From first line to last, copy the listing exactly and omit its pictures.
━━ DATA BELOW ━━
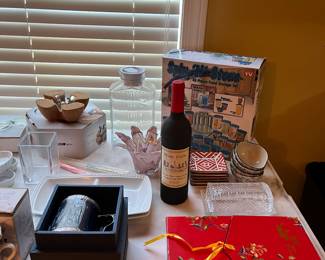 Kitchen storage and serving dishes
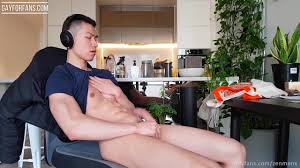 Mr. Feelgood Feels Horny After Editing Porn – Zenmenx – Gay for Fans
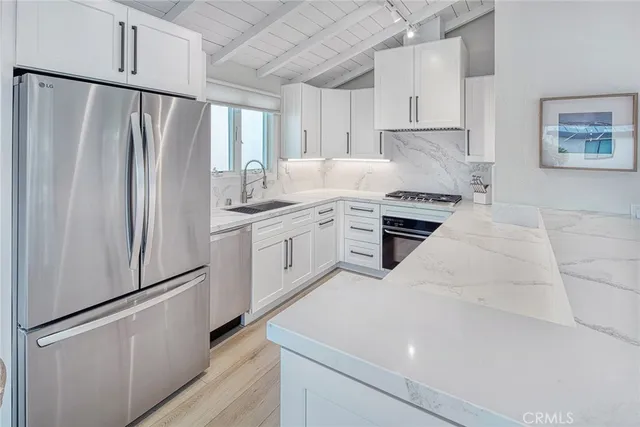 $7,995 | 410 Acacia Avenue, Corona del Mar, CA 92625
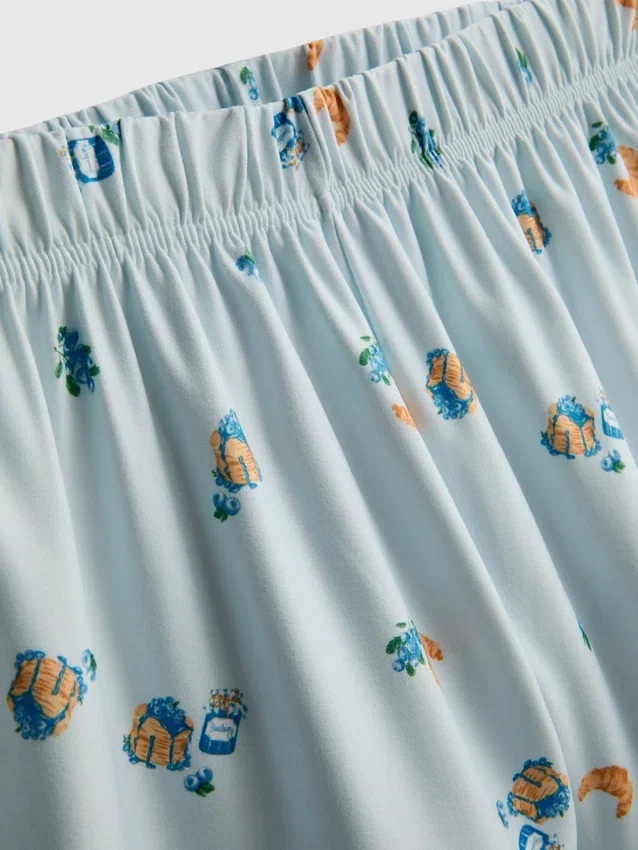 Pyjamasar i kort modell med ”Breakfast”-tryck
━━━
■ OUTPUT BELOW ■
 Kitchen storage and serving dishes
 Mr. Feelgood Feels Horny After Editing Porn – Zenmenx – Gay for Fans
 $7,995 | 410 Acacia Avenue, Corona del Mar, CA 92625
 Pyjamasar i kort modell med ”Breakfast”-tryck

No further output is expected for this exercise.